The answer must consist only of the lines from the line with "In this video, I" to the line with "Now let's start", both included, exactly as they stand below.

## Records shown
>>>>
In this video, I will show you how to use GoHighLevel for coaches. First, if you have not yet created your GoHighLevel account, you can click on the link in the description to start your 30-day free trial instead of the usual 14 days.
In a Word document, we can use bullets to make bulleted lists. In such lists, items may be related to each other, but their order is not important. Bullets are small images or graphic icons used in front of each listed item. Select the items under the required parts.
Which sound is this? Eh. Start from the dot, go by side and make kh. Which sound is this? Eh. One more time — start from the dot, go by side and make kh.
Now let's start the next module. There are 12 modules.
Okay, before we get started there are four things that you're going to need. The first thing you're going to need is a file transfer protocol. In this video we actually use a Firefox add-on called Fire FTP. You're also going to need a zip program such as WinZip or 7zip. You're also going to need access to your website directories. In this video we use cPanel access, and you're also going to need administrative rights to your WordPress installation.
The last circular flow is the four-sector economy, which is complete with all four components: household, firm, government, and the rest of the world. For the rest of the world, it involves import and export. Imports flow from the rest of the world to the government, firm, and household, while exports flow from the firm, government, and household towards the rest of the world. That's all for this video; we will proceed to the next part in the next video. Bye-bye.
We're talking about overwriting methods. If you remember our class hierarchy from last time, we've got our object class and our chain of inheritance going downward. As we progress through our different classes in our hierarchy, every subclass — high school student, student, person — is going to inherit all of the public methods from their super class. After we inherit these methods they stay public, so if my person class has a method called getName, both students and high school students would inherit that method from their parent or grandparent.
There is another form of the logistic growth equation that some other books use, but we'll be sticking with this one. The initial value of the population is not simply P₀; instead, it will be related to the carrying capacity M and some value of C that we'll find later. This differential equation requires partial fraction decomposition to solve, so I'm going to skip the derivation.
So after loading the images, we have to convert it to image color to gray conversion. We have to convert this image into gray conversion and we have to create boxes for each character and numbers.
<<<<
>>>>
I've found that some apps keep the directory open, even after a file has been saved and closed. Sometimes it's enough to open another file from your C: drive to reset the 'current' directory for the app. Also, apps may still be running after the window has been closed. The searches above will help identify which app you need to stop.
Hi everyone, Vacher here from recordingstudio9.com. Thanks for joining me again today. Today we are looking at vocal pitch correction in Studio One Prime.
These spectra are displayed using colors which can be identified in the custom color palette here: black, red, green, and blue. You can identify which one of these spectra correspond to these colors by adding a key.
<<<<
## Written reply
In this video, I will show you how to use GoHighLevel for coaches. First, if you have not yet created your GoHighLevel account, you can click on the link in the description to start your 30-day free trial instead of the usual 14 days.
In a Word document, we can use bullets to make bulleted lists. In such lists, items may be related to each other, but their order is not important. Bullets are small images or graphic icons used in front of each listed item. Select the items under the required parts.
Which sound is this? Eh. Start from the dot, go by side and make kh. Which sound is this? Eh. One more time — start from the dot, go by side and make kh.
Now let's start the next module. There are 12 modules.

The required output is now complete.